What this task involves
Exactly and only the lines below from the one containing "indeed labs hydraluron serum" down to the one containing "Thumbnail: 2025 Kia Soul - 6" are wanted, both included; please exclude every picture.

Provided data
*** Block opens ***
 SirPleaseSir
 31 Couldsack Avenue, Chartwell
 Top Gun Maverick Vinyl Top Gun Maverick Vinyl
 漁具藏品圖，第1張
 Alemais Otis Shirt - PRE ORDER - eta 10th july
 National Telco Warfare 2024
*** Block closes ***
*** Block opens ***
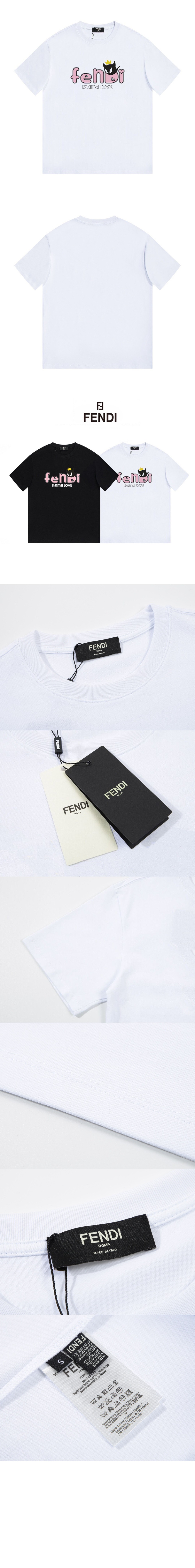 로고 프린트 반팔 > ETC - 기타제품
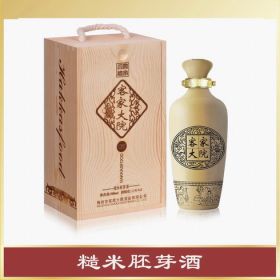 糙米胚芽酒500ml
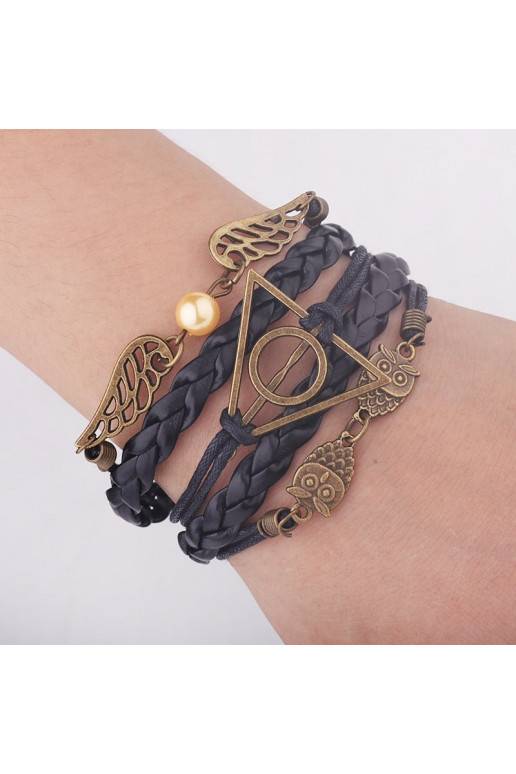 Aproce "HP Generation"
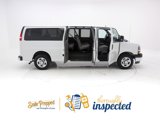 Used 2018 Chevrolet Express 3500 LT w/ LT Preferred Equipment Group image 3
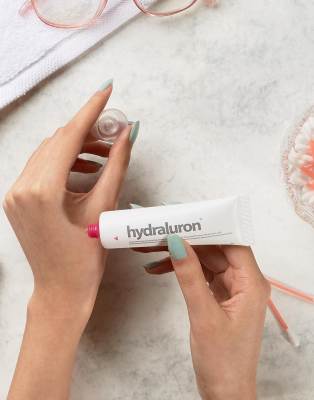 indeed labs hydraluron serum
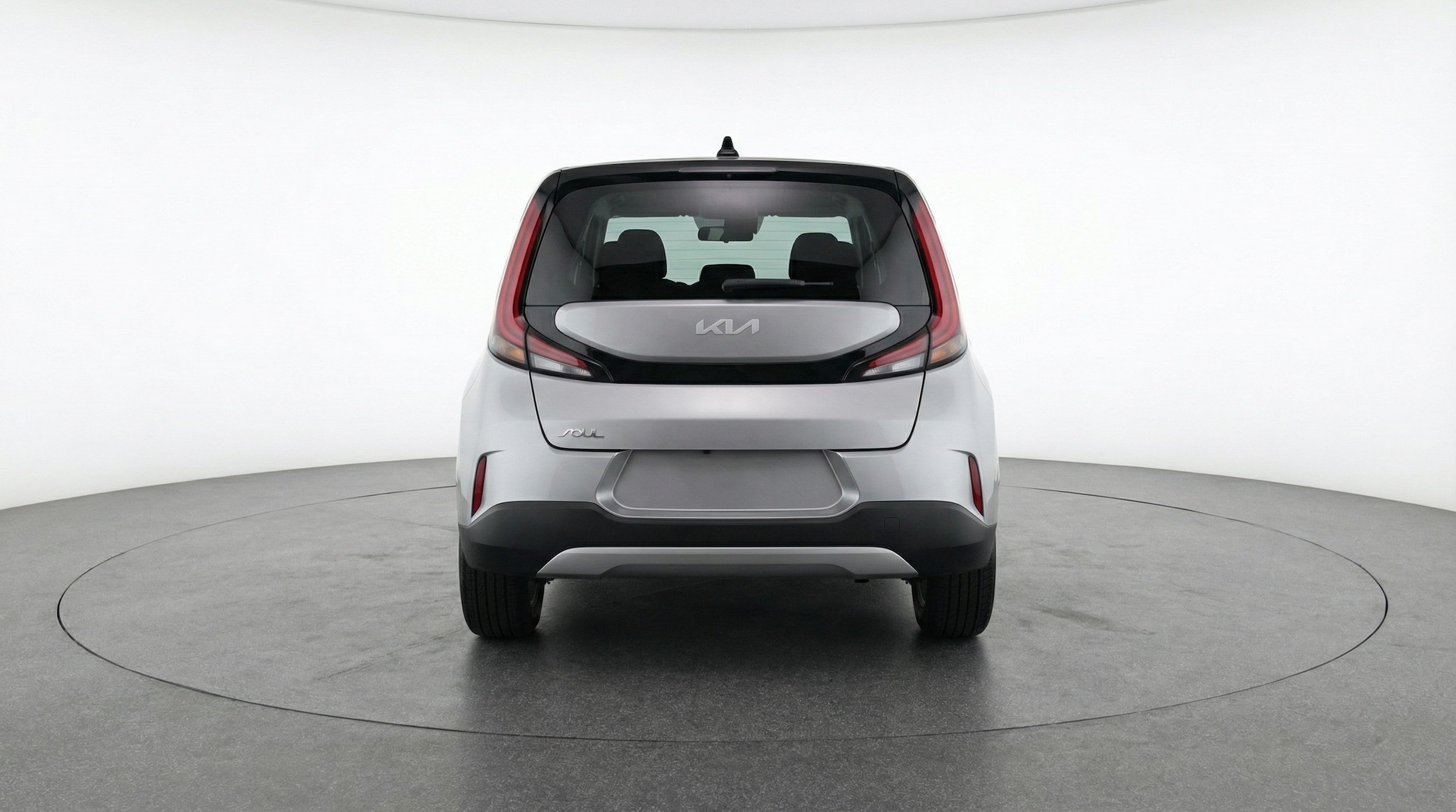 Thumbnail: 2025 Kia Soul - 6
*** Block closes ***
*** Block opens ***
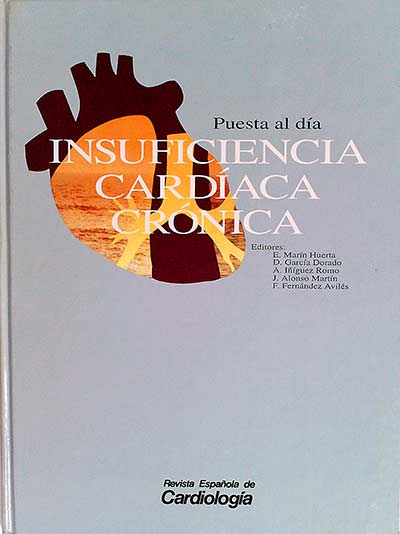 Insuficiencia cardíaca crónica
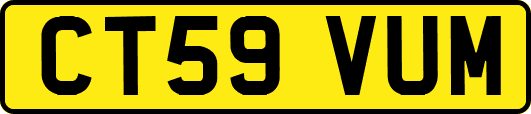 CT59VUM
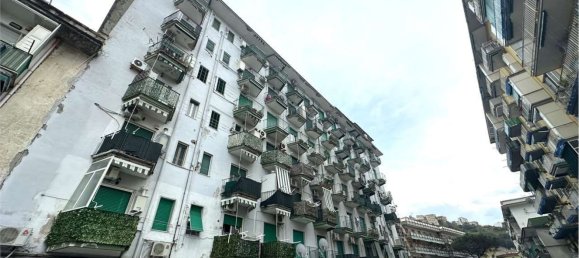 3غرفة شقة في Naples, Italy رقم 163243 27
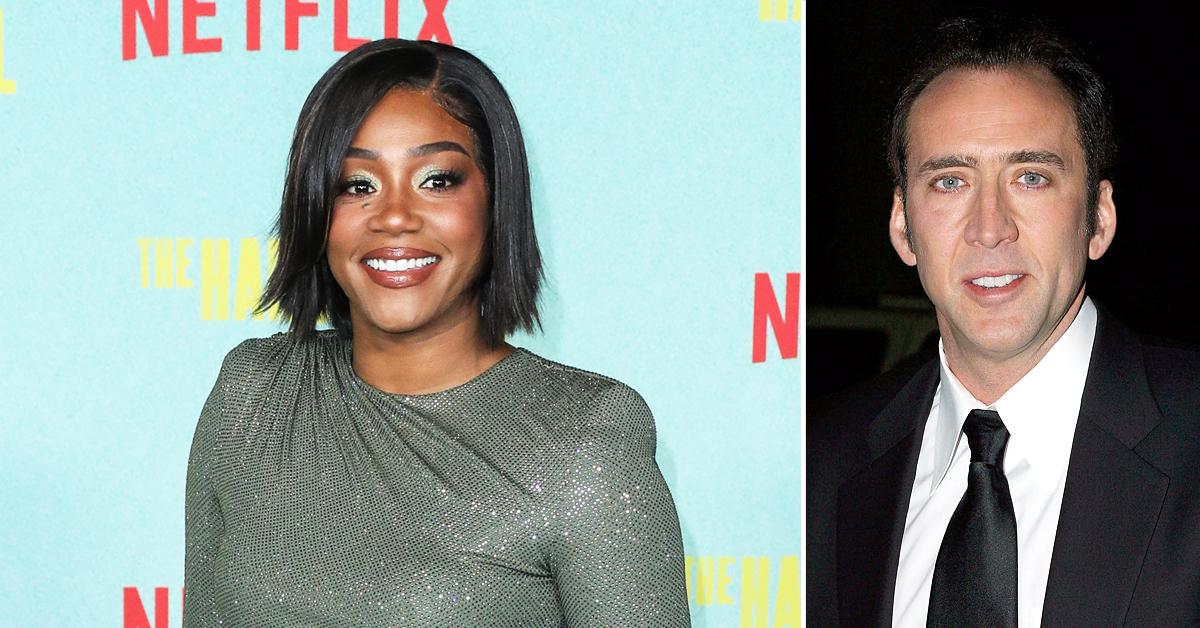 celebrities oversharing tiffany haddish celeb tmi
*** Block closes ***
Reply to the exercise
 indeed labs hydraluron serum
 Thumbnail: 2025 Kia Soul - 6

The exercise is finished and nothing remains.